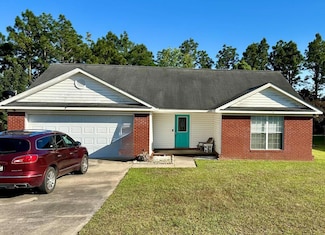672 Jester St, Cowarts, AL 36321
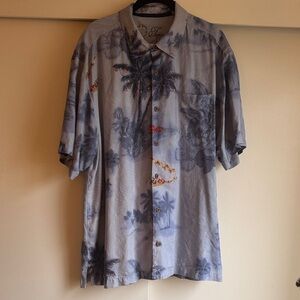 Tommy Bahama Christmas Hawaiian Print Shirt XL Silk Santa Sleigh Palm Trees Blue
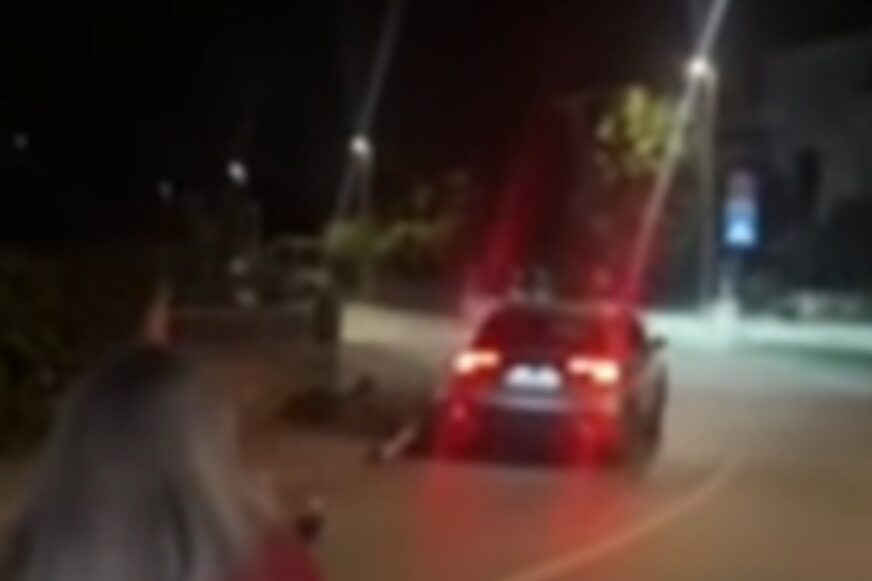 (UZNEMIRUJUĆI SNIMAK) Policija hitno reagovala: Puškom zaustavljao vozače u Poreču, JEDAN GA PREGAZIO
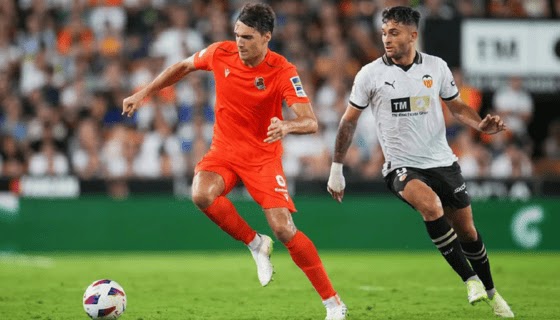 La Real Sociedad denuncia los cánticos ante LaLiga en Mestalla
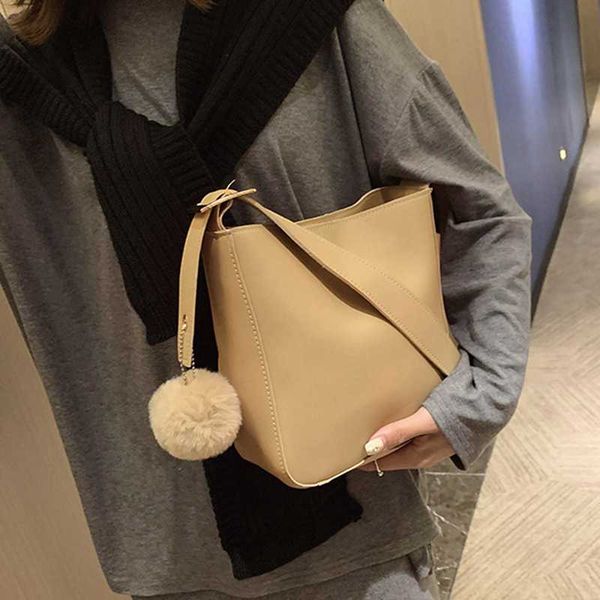 vintage women bucket bags high capacity pu leather tote bag ladies shoulder handbags casual puffer ball hasp messenger pack
vintage women bucket bags high capacity pu leather tote bag ladies shoulder handbags casual puffer ball hasp messenger pack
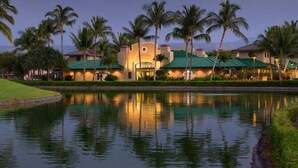 A hotel with a pool, palm trees, and a view of the mountains. - Fairway Villas Waikoloa G31 2 Bedroom Villa (Waikoloa)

Required work | The answer should contain only the lines from the one with "(UZNEMIRUJUĆI SNIMAK) Policija" through the last line of the material, given word for word and without pictures.

Finished task |
 (UZNEMIRUJUĆI SNIMAK) Policija hitno reagovala: Puškom zaustavljao vozače u Poreču, JEDAN GA PREGAZIO
 La Real Sociedad denuncia los cánticos ante LaLiga en Mestalla
 vintage women bucket bags high capacity pu leather tote bag ladies shoulder handbags casual puffer ball hasp messenger pack
vintage women bucket bags high capacity pu leather tote bag ladies shoulder handbags casual puffer ball hasp messenger pack
 A hotel with a pool, palm trees, and a view of the mountains. - Fairway Villas Waikoloa G31 2 Bedroom Villa (Waikoloa)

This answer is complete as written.